───── SOURCE MATERIAL ─────

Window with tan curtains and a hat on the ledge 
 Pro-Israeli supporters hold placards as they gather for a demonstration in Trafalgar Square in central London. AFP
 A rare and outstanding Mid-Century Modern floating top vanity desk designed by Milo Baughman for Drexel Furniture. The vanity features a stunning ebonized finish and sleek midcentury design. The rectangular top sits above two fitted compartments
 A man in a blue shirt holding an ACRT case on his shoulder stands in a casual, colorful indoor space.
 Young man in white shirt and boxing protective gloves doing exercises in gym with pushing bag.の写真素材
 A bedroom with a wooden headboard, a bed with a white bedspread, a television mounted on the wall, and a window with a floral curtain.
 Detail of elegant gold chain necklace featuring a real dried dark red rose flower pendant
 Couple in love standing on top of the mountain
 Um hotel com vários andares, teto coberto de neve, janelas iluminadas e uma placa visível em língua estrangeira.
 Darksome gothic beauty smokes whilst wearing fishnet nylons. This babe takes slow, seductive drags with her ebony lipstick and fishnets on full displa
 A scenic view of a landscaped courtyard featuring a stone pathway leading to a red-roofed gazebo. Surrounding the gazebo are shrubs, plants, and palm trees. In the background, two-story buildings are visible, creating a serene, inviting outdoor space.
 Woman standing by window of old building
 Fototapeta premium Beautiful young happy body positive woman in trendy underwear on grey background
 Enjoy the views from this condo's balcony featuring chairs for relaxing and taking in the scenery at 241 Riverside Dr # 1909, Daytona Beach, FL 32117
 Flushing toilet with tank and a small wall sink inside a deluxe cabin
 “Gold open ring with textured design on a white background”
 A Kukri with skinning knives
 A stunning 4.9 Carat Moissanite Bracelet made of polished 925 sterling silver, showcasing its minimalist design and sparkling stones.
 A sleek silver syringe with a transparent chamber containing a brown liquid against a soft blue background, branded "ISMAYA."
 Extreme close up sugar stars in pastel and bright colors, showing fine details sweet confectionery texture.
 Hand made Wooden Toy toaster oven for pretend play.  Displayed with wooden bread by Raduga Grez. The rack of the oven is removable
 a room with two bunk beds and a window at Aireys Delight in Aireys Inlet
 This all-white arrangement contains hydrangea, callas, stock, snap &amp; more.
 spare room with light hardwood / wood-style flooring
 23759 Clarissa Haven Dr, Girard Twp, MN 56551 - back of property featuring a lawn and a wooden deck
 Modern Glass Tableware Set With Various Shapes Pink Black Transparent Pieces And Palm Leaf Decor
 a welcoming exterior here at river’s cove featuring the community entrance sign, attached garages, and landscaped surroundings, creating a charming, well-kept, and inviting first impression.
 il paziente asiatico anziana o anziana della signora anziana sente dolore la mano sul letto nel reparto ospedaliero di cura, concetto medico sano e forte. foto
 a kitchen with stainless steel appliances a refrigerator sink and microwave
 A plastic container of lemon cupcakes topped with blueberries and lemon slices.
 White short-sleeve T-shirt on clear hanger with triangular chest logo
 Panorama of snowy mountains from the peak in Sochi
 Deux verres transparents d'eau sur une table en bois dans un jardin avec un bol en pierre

─────

## DIRECTIONS FOR THIS TASK
Nothing outside this range should appear: the lines from the start of the listing through the line with "A man in a blue", each reproduced exactly, both ends included.

## EXERCISE RESULT
Window with tan curtains and a hat on the ledge 
 Pro-Israeli supporters hold placards as they gather for a demonstration in Trafalgar Square in central London. AFP
 A rare and outstanding Mid-Century Modern floating top vanity desk designed by Milo Baughman for Drexel Furniture. The vanity features a stunning ebonized finish and sleek midcentury design. The rectangular top sits above two fitted compartments
 A man in a blue shirt holding an ACRT case on his shoulder stands in a casual, colorful indoor space.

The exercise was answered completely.